Musk responded on X by arguing that the decision rested only on timing and not on his central accusations about OpenAI's direction.
He wrote that "the judge & jury never actually ruled on the merits of the case, just on a calendar technicality," and repeated his claim that Altman and Brockman had effectively "stolen a charity" by turning the lab into a profit-focused operation.
The lawsuit, filed in 2025, accused OpenAI and its leaders of abandoning a commitment to build artificial intelligence "for the benefit of humanity" and instead prioritizing revenue and valuation.
Musk alleged that OpenAI's shift from a pure nonprofit into a structure that allows investors and staff to earn capped returns, along with large outside investments, violated promises made when he helped found the organization in 2015, NPR reported.

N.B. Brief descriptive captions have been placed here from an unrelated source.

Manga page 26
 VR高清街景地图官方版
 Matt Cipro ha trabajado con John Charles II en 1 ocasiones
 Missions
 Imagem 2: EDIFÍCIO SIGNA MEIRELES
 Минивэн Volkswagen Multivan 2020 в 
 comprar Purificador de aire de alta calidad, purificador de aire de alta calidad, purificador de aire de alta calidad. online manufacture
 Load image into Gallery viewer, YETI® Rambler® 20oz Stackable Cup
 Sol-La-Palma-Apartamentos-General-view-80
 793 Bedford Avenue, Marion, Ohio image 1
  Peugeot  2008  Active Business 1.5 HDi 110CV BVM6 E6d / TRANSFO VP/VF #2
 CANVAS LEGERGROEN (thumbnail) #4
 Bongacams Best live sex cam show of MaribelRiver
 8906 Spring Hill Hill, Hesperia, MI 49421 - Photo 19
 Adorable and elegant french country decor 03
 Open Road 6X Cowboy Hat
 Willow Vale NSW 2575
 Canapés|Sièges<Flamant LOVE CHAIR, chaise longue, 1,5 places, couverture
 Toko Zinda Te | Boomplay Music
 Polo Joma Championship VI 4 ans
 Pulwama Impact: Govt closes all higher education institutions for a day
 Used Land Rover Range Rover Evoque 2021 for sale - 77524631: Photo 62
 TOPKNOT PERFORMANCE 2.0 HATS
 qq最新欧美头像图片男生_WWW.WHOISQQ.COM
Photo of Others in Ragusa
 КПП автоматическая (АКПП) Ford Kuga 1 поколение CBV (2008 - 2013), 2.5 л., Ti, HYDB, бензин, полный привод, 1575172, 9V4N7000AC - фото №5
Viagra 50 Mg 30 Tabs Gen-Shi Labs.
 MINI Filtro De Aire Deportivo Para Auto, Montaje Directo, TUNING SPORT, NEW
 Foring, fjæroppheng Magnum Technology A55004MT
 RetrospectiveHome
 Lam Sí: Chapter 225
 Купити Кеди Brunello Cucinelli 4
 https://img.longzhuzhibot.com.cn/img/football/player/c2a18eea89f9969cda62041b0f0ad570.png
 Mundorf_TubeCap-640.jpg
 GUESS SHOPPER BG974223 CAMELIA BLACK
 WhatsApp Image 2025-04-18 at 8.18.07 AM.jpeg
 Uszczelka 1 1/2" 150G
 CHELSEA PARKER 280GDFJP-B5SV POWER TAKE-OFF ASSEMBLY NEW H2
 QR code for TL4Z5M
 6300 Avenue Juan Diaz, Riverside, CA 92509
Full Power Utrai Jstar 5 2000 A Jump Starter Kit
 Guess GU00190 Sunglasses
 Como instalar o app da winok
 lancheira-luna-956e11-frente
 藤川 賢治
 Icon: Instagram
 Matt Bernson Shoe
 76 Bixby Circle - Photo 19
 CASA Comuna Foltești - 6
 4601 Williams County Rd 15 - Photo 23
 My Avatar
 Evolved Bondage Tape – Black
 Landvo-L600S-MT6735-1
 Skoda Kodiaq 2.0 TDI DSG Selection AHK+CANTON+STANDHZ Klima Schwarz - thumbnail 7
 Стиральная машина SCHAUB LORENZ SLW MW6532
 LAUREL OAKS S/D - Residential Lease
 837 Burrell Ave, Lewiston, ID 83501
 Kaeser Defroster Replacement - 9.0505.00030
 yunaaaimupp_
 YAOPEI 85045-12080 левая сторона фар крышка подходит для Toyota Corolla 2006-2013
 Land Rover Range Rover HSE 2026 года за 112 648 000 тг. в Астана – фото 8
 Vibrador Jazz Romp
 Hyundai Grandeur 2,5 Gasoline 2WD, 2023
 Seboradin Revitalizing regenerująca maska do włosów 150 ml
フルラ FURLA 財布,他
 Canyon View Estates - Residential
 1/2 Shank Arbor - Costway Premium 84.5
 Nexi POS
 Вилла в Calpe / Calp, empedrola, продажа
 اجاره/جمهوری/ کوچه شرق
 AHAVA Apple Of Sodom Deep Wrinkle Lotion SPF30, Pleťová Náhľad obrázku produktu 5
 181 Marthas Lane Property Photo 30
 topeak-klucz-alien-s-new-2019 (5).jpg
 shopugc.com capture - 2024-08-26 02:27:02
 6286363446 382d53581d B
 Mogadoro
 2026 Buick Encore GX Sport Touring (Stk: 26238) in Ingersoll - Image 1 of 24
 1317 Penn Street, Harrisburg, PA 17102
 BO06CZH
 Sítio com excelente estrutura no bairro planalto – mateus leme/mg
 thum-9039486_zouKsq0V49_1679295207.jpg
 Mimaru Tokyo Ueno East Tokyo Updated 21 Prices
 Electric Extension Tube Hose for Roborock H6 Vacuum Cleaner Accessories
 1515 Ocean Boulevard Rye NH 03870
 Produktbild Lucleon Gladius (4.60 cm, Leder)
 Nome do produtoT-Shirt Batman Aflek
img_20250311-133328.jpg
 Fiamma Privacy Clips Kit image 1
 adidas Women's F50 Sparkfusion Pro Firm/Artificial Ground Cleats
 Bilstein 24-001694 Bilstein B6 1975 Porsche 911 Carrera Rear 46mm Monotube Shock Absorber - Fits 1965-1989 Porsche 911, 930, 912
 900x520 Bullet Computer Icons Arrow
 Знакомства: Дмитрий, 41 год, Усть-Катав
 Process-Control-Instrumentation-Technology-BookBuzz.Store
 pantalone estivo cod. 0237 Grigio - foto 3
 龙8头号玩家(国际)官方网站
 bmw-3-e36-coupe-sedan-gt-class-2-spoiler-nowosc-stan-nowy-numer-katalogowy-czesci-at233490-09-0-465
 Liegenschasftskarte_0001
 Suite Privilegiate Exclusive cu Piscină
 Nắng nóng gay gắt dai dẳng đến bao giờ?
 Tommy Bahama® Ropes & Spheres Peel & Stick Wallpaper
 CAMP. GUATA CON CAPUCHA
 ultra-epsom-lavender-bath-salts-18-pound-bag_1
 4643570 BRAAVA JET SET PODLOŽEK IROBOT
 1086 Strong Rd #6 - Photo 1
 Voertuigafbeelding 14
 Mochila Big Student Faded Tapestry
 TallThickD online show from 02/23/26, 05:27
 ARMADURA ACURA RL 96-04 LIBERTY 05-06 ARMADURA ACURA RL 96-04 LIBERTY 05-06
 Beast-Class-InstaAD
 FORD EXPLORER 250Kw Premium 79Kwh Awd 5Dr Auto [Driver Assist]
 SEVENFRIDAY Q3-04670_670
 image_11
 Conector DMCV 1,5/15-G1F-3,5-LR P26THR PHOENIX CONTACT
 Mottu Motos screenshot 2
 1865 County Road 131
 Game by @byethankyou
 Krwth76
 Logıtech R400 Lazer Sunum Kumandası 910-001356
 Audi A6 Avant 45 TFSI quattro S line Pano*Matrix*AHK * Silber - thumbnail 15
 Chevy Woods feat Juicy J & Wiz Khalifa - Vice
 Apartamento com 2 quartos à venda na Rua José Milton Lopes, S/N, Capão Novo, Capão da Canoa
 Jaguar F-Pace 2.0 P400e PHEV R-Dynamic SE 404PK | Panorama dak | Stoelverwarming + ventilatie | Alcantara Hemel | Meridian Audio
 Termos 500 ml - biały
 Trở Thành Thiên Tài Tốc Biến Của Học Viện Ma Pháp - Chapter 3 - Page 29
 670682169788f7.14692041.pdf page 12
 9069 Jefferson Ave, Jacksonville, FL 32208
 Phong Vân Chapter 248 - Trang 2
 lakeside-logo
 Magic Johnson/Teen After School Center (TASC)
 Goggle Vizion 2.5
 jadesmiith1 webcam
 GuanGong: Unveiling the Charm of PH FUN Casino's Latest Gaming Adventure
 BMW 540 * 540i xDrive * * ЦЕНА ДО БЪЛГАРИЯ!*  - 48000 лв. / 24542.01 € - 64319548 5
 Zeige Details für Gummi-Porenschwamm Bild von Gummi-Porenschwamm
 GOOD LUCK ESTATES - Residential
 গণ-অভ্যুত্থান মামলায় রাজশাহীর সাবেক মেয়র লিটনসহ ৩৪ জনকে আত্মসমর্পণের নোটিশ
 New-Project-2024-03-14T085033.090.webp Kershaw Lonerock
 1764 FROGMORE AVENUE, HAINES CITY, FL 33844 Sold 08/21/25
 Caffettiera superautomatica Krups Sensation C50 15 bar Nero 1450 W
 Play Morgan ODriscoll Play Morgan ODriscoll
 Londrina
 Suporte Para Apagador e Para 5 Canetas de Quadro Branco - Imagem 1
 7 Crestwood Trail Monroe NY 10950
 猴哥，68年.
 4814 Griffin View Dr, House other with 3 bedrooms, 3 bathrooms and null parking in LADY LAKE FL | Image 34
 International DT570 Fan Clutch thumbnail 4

In court, Musk's team asked for sweeping remedies, including the removal of Altman and Brockman, unwinding OpenAI's current corporate structure, and directing any financial recovery to the organization's charitable arm rather than to Musk himself.
OpenAI's lawyers countered that Musk knew about and supported the move toward a for‑profit model years ago and only sued after he left the organization and launched his own AI company, xAI.
Musk has said he intends to appeal to the Ninth Circuit Court of Appeals, seeking to overturn the finding that his claims were time‑barred so that a court can weigh his substantive allegations.
Legal experts note that any appeal will likely focus on when Musk "knew or should have known" of the alleged breach, the key question that started the limitations clock running in this case, as per the BBC.